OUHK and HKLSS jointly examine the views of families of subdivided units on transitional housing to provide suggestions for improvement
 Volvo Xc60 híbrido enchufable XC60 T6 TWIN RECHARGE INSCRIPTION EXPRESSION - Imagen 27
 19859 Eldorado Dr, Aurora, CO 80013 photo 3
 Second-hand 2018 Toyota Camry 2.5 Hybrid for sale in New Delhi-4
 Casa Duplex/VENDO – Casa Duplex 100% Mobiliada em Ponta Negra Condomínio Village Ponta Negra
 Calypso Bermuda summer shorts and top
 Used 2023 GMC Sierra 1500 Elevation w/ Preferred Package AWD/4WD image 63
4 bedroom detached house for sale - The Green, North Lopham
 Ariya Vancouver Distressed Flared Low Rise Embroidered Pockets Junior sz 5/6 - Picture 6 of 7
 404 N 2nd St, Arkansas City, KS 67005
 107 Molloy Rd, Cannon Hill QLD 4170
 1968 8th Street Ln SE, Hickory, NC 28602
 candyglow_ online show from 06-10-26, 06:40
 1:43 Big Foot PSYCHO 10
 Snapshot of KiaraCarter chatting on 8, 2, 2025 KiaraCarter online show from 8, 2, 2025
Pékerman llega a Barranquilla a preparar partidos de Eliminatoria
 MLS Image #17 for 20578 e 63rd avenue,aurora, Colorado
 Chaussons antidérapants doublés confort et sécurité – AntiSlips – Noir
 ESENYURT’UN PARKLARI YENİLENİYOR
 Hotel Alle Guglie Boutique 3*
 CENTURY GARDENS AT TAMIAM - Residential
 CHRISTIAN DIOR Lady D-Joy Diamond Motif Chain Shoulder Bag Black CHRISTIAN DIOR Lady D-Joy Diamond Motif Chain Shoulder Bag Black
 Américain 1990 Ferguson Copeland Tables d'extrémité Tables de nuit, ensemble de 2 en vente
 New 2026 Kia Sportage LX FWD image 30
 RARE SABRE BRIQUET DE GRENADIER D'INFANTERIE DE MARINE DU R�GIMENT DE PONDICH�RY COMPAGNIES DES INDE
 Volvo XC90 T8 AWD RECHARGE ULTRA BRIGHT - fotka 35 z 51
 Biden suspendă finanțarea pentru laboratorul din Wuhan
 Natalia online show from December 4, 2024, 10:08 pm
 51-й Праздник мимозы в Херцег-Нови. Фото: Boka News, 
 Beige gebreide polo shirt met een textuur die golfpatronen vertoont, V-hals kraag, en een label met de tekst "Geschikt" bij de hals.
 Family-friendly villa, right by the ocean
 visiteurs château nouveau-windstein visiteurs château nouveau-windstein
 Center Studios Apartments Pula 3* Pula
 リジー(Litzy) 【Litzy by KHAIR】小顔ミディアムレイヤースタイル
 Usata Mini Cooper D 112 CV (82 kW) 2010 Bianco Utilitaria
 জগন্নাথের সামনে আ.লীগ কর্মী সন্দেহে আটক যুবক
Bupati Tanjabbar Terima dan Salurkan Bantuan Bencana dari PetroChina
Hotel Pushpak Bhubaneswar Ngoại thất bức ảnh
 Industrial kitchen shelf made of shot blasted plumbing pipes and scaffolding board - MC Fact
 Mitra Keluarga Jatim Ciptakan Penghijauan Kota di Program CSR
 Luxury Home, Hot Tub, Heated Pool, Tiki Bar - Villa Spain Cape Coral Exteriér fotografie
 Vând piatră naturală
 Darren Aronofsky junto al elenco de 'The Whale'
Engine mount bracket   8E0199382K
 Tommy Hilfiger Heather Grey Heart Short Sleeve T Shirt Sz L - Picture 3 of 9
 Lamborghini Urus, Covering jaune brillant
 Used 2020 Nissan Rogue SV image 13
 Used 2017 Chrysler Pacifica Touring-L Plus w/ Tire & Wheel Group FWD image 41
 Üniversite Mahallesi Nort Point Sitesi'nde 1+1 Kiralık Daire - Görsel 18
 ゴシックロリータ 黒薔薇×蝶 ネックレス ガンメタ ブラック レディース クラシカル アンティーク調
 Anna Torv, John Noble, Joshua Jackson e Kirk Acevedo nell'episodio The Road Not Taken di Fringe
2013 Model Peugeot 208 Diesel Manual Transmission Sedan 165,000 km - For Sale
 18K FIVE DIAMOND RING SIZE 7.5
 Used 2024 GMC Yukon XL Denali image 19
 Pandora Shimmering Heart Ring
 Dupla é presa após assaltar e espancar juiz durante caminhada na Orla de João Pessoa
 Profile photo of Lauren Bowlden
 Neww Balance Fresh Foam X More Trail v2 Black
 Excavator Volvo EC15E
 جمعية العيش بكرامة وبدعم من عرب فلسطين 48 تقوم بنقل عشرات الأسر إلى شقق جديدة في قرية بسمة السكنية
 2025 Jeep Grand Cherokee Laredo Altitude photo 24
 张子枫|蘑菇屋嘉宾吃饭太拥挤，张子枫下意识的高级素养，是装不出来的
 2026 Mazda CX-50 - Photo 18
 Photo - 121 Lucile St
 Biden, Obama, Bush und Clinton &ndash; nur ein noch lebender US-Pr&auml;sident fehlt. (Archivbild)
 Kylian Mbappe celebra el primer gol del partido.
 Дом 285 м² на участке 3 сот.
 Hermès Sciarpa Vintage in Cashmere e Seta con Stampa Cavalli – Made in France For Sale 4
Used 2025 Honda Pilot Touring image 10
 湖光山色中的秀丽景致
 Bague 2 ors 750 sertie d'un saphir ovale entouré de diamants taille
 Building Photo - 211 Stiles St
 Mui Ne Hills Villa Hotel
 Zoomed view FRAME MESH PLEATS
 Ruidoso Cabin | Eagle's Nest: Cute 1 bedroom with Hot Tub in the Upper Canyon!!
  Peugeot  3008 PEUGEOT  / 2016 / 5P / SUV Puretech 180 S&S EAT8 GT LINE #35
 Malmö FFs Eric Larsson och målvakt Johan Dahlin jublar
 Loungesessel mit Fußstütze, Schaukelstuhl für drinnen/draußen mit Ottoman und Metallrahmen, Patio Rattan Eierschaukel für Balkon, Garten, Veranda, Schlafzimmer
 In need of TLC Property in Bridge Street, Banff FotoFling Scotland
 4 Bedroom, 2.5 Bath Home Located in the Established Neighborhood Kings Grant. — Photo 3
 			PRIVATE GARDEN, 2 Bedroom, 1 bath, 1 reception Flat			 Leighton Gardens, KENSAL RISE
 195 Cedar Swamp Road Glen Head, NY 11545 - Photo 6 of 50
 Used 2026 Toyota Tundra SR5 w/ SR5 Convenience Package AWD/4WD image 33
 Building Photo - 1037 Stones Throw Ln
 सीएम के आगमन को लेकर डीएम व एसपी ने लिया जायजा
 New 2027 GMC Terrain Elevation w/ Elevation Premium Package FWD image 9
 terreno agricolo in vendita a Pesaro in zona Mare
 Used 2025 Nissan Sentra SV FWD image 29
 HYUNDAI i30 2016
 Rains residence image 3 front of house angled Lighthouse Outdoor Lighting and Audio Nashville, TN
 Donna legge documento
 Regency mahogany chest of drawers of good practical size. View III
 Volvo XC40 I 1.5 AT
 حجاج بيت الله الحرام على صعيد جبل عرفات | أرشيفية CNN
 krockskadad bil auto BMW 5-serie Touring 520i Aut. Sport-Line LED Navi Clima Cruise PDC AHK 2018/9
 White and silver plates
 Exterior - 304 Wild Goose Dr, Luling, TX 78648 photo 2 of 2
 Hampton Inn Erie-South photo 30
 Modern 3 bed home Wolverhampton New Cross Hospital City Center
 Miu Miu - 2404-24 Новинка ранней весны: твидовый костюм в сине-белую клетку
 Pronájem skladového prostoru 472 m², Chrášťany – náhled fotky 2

···

— Exercise aim —
Your answer must be the data above, copied exactly from its first line through the line containing "Used 2023 GMC", and nothing more.

— Solution below —
OUHK and HKLSS jointly examine the views of families of subdivided units on transitional housing to provide suggestions for improvement
 Volvo Xc60 híbrido enchufable XC60 T6 TWIN RECHARGE INSCRIPTION EXPRESSION - Imagen 27
 19859 Eldorado Dr, Aurora, CO 80013 photo 3
 Second-hand 2018 Toyota Camry 2.5 Hybrid for sale in New Delhi-4
 Casa Duplex/VENDO – Casa Duplex 100% Mobiliada em Ponta Negra Condomínio Village Ponta Negra
 Calypso Bermuda summer shorts and top
 Used 2023 GMC Sierra 1500 Elevation w/ Preferred Package AWD/4WD image 63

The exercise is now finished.